Review: Simulation Theory by Muse

 

Credit: Muse / Warner Bros

Axel Koch
Music Columnist

By releasing their new album Simulation Theory on the same day as Imagine Dragons, Muse – one of only a few amongst the swarm of indie bands from the early 2000s to succeed in establishing a consistent and immediately recognisable style, unintentionally shine a light on how they’ve now become the British equivalent to Imagine Dragons; purveyors of turgid arena rock built on the poppiest and most basic of song structures that are “embellished” with obscene ab-use of electronic sound effects. Really, if Dan Reynolds ever starts making pseudo-Orwellian concept albums about the future of mankind, Muse will have lost their last remaining market niche to their American counterparts. What seemed unthinkable a mere three years ago, however, when Muse released the poor but not horrendous Drones while Imagine Dragons were assailing the ears of undeserving listeners worldwide with Smoke + Mirrors, an unintentionally apt album title to describe the superficiality of their music, is that Muse are actually the worst band of the two at this point. And it’s not because of any noticeable improvements in the music of Imagine Dragons.

Simulation Theory is less strictly concept-oriented than the band’s previous releases, but Matt Bellamy wouldn’t be Matt Bellamy if he didn’t rhyme “revolution” with “final solution” on “Thought Contagion” to set a supposedly dystopian atmosphere or toss out serious-sounding tech jargon like “simulation”, and “algorithm” on the very first song of the album.

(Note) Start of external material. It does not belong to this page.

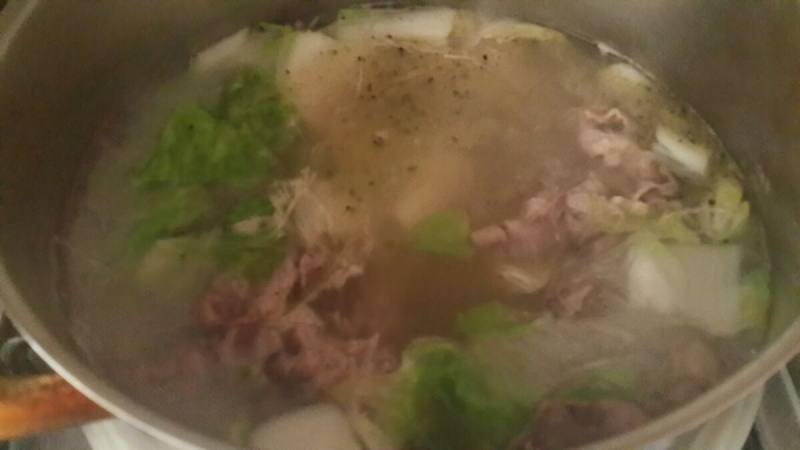 Steps to Cook Sheep Meat and Baby Bok Choy Soup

That opener, “Algorithm”, might well be the most listenable song on the whole thing – it’s the band just doing their rote maximalist symphonic rock for a minute and a half until Bellamy chimes in to squeak a “This means war” chorus (it worked for Thirty Seconds to Mars, didn’t it?).

It’s only downhill from there, as Bellamy pitches his falsetto even higher than normal on “Propaganda”, presumably to mask lyrics such as “Floozy, you make me a woozy” and “You ate my soul just like a Death Eater” (I wish I were kidding about those). That’s not the peak of ridiculousness though, as the song’s chorus turns the word propaganda into a percussive pattern – a doubtful strategy when intending to compose a wake-up call against the spreading of fake news and deliberate misinformation by politicians. That the band already applied the same idea to “Madness” from 2012’s The 2nd Law doesn’t seem to bother them; they recycle its stammering beat once again on the dull first single, “Dig Down”.

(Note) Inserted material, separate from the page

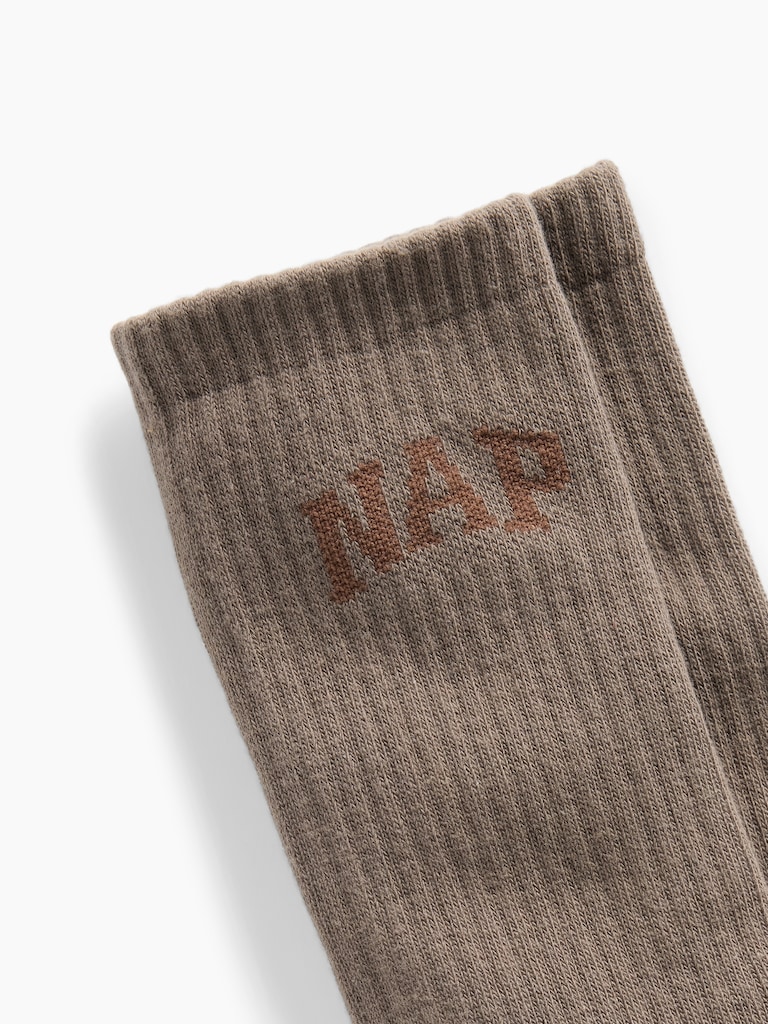 NAP Logo Crew Socks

Recycling is a key concept in Simulation Theory, as Muse are even doing it with their music videos. “Blockades” is basically a – well, “best of” is not the right term but a collection of images from the other promotional videos for this album. Not that the original ones are any better, however. It might be hard to believe that Muse don’t realise how silly they sound on songs like “Something Human” (which has a beat stuck somewhere between folk pop and Latin pop, so that you’d almost expect George Ezra or Álvaro Soler to hop on for a feature), but one need only look at the video for that song, in which Bellamy turns into a werewolf because reasons, to see that Muse also don’t realise how silly they look.  

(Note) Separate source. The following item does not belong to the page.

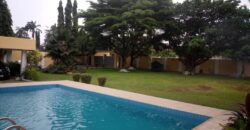 3 BEDROOM HOUSE WITH A SWIMMING POOL,BOYSQUARTERS AND A LAWN,ETC. RENT AT WEST AIRPORT RESIDENTIAL, ACCRA.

Coasting on the 80’s nostalgia of TV programmes like Stranger Things (the album’s ludicrous cover was designed by Kyle Lambert, the man behind the Netflix production’s distinctive poster art) and the synth-pop revival of acts like CHVRCHES, The 1975, and Carly Rae Jepsen, Muse jump head first into the decade of Knight Rider, Back to the Future, and MTV. None of the band members were older than 13 at the end of the 80’s though, and it shows: all that the band are doing is picking a select few ideas commonly associated with that era to indulge in cheap audio-visual nostalgia that is nevertheless unmistakably a product of the 2010s. Barring some synths garishly smeared over songs like “Algorithm” and “The Void” (perhaps to mask the fact that the song, along with several others on the album, doesn’t have a proper chorus), Muse are doing the same shtick as before, only less catchy.

Where Muse do try to branch out on the album, however, they take embarrassing missteps. “Break It to Me” features some absolutely grisly auto-tune before descending even further into a genuinely unlistenable scratching breakdown. And then there’s the very obviously Shellback-produced and very obviously Bellamy-titled “Get Up and Fight”, the most perplexing of hybrids. It flows from bouncy verses featuring Tove Lo moaning on the backing vocals, which evoke nothing so much as the EDM atrocities of Marshmello, to an emo revival chorus (“I’m lost in this without you”) that posits the Devon-based trio as some second hand My Chemical Romance. Bellamy sees “reasons to be frightened” on the pre-chorus, and, well, that’s a pretty neat encapsulation of Simulation Theory.